Motivation
Splicing as a joining procedure is used to build up fiber lasers and for transporting high optical powers in the kW range via optical fibers.
If joining parts with different cross-sections and specific waveguide structures (e.g. photonic crystal fibers) as well as different dopings are to be connected with low losses but maintain mechanical stability, CO2 laser splicing can be used to achieve this with outstanding quality.
Procedure
In contrast to commercially-available splicing equipment, the Fraunhofer IOF uses a system with a CO2 laser as its heating source. The reason for this is the fact that glass can excellently absorb this laser wavelength.
Using special beam shaping, a precise laser effect zone is generated which, using a computer-controlled process, supplies outstanding splicing quality and reproducibility.
The large working distance offers the option to produce various high-performance components from doped or pure silica glass. Contamination from process gases or deposits of electrodes or filaments is not possible.

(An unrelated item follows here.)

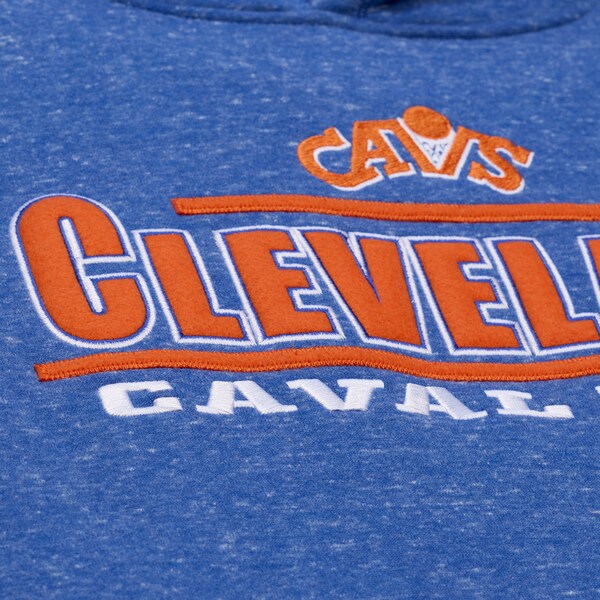 Cleveland Cavaliers Blue Vintage Logo Fleece Hoodie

With the stability and flexibility of the splicing processes, rapid change between different parts to be joined is possible if the parameters have been uniquely set in advance.
Application
CO2 laser splicing is an outstanding method for producing high-performance components such as the joining of all types of optical fibers (SM, MM, PCF, …) at end caps from silica glass with various diameters. The end cap reduces not just the laser power density at the glass-air boundary but also serves as a fiber holder and can be additionally functionalized (antireflective coating, wedge angle, spherical/aspherical surface).